Cameron has always been a great storyteller, finding his ways into the depths of the places where not many others are looking, and Oxy Music continues on that trajectory. It’s filled with stories of people who fall outside the system and exist in the grey areas of life. In its design – its music, lyrics and tracklist – lies the journey a person can take, if the circumstances present themselves – down the road of heavy drug and alcohol abuse. Initially inspired by Nico Walker’s Cherry, Cameron was spurred into yet another commentary on American Life, this time about the opioid crisis that has taken over the country. He says about Oxy Music: “The album is a story, a work of fiction, mostly from the perspective of a man. Starved of meaningful purpose, confused about the state of the world, and in dire need of a reason to live – a person can, and according to the latest statistics, increasingly will, turn to opioids. This is one of those people.”
While Oxy Music could be dark, it’s instead brighter and more buoyant than much of Cameron’s previous work, a shift in mood first seen across 2019’s Miami Memory. It’s told from a place of optimism and through the lens of Cameron, in the way that only he can tell it.
As with the previously released, “Sara Jo,” “Best Life” gives a context of drug use to distort the confronting nature of contemporary reality as Cameron sings of the feelings of insecurity brought about by life online: “I guess I’m just winning / But I get no reaction / My comments just don’t rank / Or my post tanks.” Directed by Jemima Kirke, produced by Jim Larson and starring Kirke and Cameron, the song’s video explores the idea of what it means to find one’s “best life” by accepting others’ insecurities – in this instance, a skin condition such as eczema – as loveable qualities.

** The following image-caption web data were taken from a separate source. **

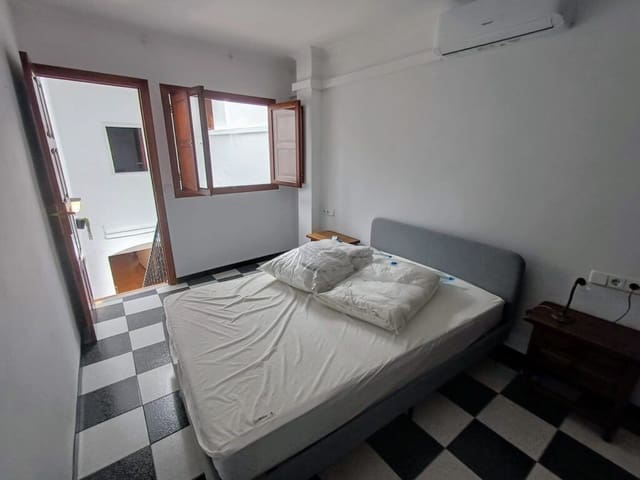 4 chambre Maison de Ville à vendre à Oliva - 175 000 € (Ref: 8939604)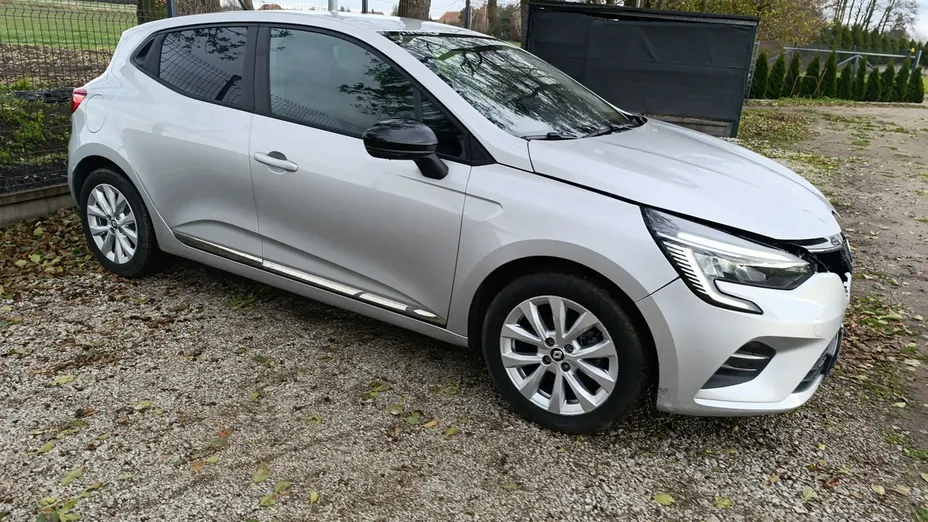 RENAULT Clio -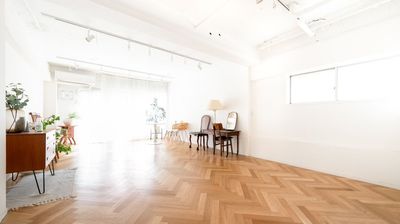 【商用撮影プラン】【saut studio🪑🌿】 -南青山アドレス、窓から自然光が注ぐ、シンプルなスタジオです- - saut studio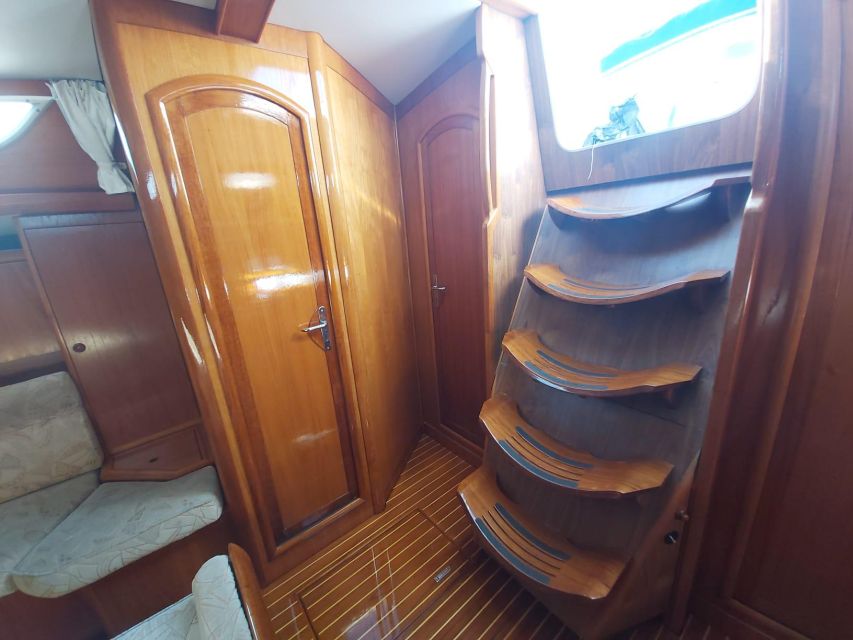 1 Hour Private - Lisbon: Sailing Tour With Wine and History - Wine, Blankets, Bluetooth Music, and Crew Stories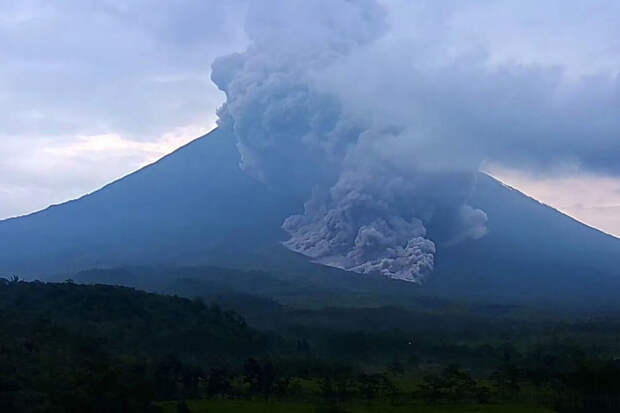 Antara: произошло как минимум четыре извержения вулкана Семеру в Индонезии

“The Internet. Our great Totem of information dedicated to the Gods yet to visit from a future born out of 7.9 billion online versions of human history. A tower of love and hate, passion and terror, one million retweets of ten hundred thousand total fails. America’s funniest home videos. Our best, most dope memes crowned atop the statue – our greatest achievements, the shoulders that lift the grand dome of internet glory. The view from the top is gorgeous. A stunning likeness of the most like-able content.
“And holding it up, the weight bearing colossus of whisper-solid data and hollow columns of caps locked opinions and giant pillars of twisted logic. Zero Likes. Zero Comments. Zero shares. Infinitely multiplied until too mountain-like to move. The greatest show on earth performed to an audience of nobody.
“One percent is what we see and what we follow drifting atop the cloud. It’s beautiful, what we’ve created. And the masses below sing into the chamber, echoes of their love songs clashing and rebounding off one another’s – the messages too distorted to discern. Received by nobody. But necessary for everybody.
“Let’s face it, we’ll never make content good enough for the Gods above. Let’s leave that to the disciples. The rest of us can just stay out here, living our best lives.”
– Alex Cameron
An intercontinental effort, Oxy Music was produced by Cameron with additional help from Justin Nijssen and Lilah Larson, and mixed by Mount Kimbie’s Kai Campos (with Daniel Trachtenberg also mixing “Best Life”). Throughout, he is joined by longtime collaborator and business partner, Roy Molloy (saxophone), Henri Lindström (drums, percussion), Justin Nijssen (bass, guitar, vocals), Lilah Larson (guitar, vocals), Jess Parsons (piano, keyboards, vocals), Chris Pitsiokos (saxophone), Lloyd Vines (vocals), Sleaford Mods’ Jason Williamson (vocals), and Jackie McLean (vocals).